Wednesday, June 18, 2014

Four Simple Money Things For San Francisco Simpletons

Some people are just too stupid to be in finance.  I saw plenty of them in major investment firms and nowadays I also see them as solo practitioners.  I attended a Commonwealth Club event this week for a book touting the four most simplistic things one can do with money.  True to form, San Francisco coughed up plenty of simpletons to give this banal material their usual rapt attention.

Here's all you need to know about these four simple things, straight from my brain to yours.  We earn money from work (although most people hate their jobs).  We save money for future goals (although most people don't do it; they'd rather pine for entitlement programs funded by taxes on someone else's savings).  We spend money on our lifestyles (although most spending is wasteful, impulsive, and aspirational).  We give money away to feel generous (although many charities are inefficient and fraudulent).  There you have it.  Lesson concluded.

I have not read the book.  I will not ever read this book.  I am not interested in pop-culture rehashes of behavioral finance research.  I prefer to examine the original research itself.  This subject's simplistic appeal tells me everything about why most humans will never have control of their own financial situations.
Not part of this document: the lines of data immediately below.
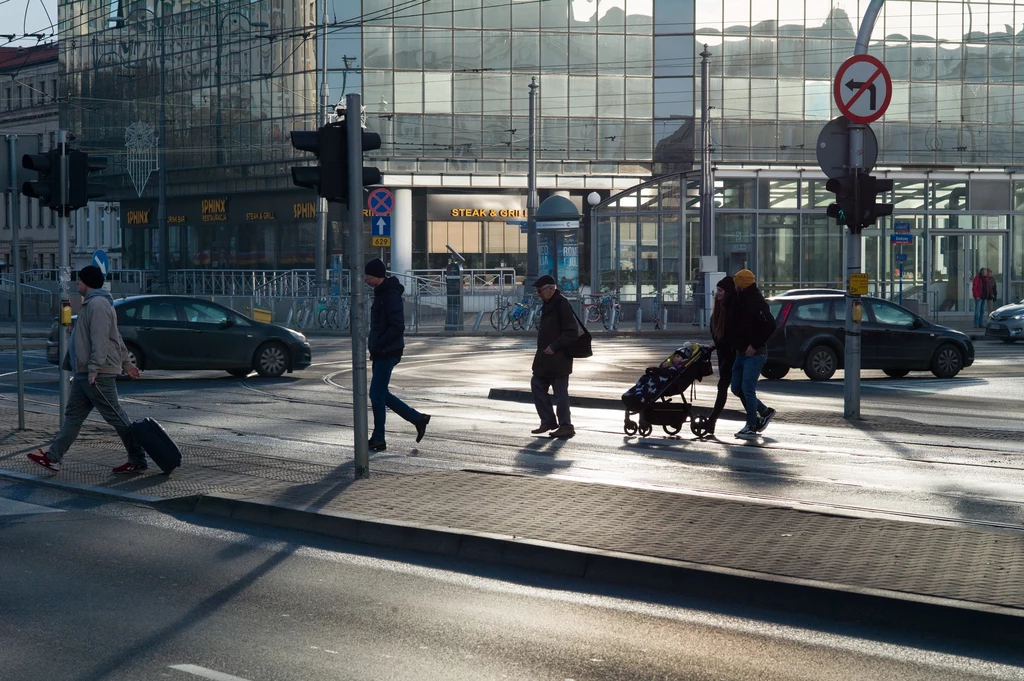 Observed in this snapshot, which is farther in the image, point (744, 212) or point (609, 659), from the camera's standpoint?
point (744, 212)

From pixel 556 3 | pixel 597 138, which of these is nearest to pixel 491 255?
pixel 597 138

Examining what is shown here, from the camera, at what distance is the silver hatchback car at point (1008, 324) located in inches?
1284

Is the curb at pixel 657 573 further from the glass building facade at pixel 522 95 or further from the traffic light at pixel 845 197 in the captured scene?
the glass building facade at pixel 522 95

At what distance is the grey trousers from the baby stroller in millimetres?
5512

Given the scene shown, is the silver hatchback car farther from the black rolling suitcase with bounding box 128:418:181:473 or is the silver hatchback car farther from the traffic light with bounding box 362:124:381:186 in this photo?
the black rolling suitcase with bounding box 128:418:181:473

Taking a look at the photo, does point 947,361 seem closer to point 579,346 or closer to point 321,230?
point 579,346

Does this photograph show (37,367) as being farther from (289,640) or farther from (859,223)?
(289,640)

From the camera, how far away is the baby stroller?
14094 mm

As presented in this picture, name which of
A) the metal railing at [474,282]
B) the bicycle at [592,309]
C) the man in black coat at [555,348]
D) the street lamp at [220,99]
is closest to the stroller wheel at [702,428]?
the man in black coat at [555,348]

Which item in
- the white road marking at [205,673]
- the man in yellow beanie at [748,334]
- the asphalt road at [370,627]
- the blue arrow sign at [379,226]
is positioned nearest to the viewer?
the white road marking at [205,673]

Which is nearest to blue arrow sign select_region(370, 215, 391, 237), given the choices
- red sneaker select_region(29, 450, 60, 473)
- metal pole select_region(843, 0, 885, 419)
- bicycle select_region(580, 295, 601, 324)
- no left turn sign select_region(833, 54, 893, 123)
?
bicycle select_region(580, 295, 601, 324)

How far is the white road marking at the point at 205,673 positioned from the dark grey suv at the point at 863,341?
1642 cm

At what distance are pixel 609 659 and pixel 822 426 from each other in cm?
1007

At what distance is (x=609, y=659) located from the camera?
5742mm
Humans respond to simplistic emotional hooks.  The more manipulative sociopaths in our species convince their low-information peers to make harmful decisions.  Evolutionary biology reveals that humans have a natural talent for self-deception.  Susceptibility to myth helped us socialize into larger communities where the hunter-gather work could be shared.  The same susceptibility to myth keeps people gathering into temporary tribes that attend stupid lectures.  That's why simplistic "wisdom" in finance is so popular.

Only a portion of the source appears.